- _Aim of the exercise_: Return the line containing "Coral Park (D20), Semi-Detached #144807262" together with every later line up to the end of the records, exactly and with no pictures; return nothing else.

- _Given data_:
= Beginning of Section =

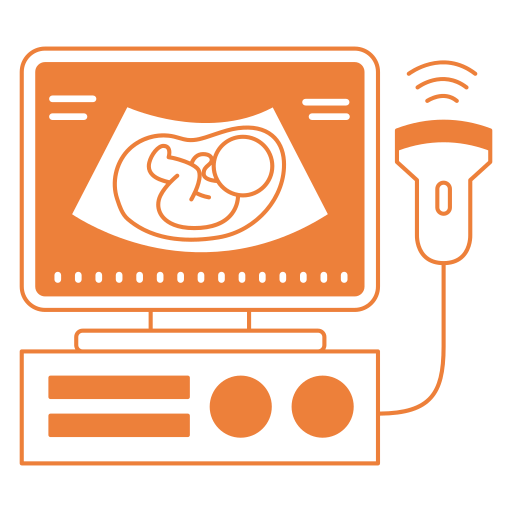 Ultrasound Scan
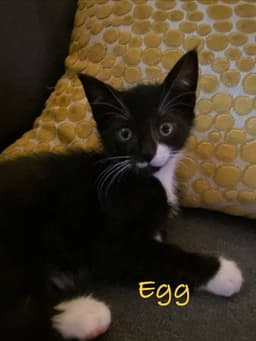 Egg Willow Grove Area Fcid - image 2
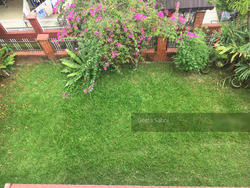Coral Park (D20), Semi-Detached #144807262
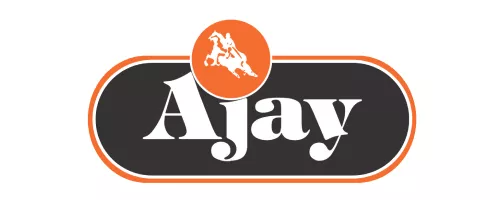 Logo Designing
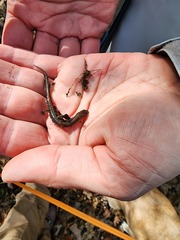Plethodon serratus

= End of Section =

- _Your solution_:
Coral Park (D20), Semi-Detached #144807262
 Logo Designing
Plethodon serratus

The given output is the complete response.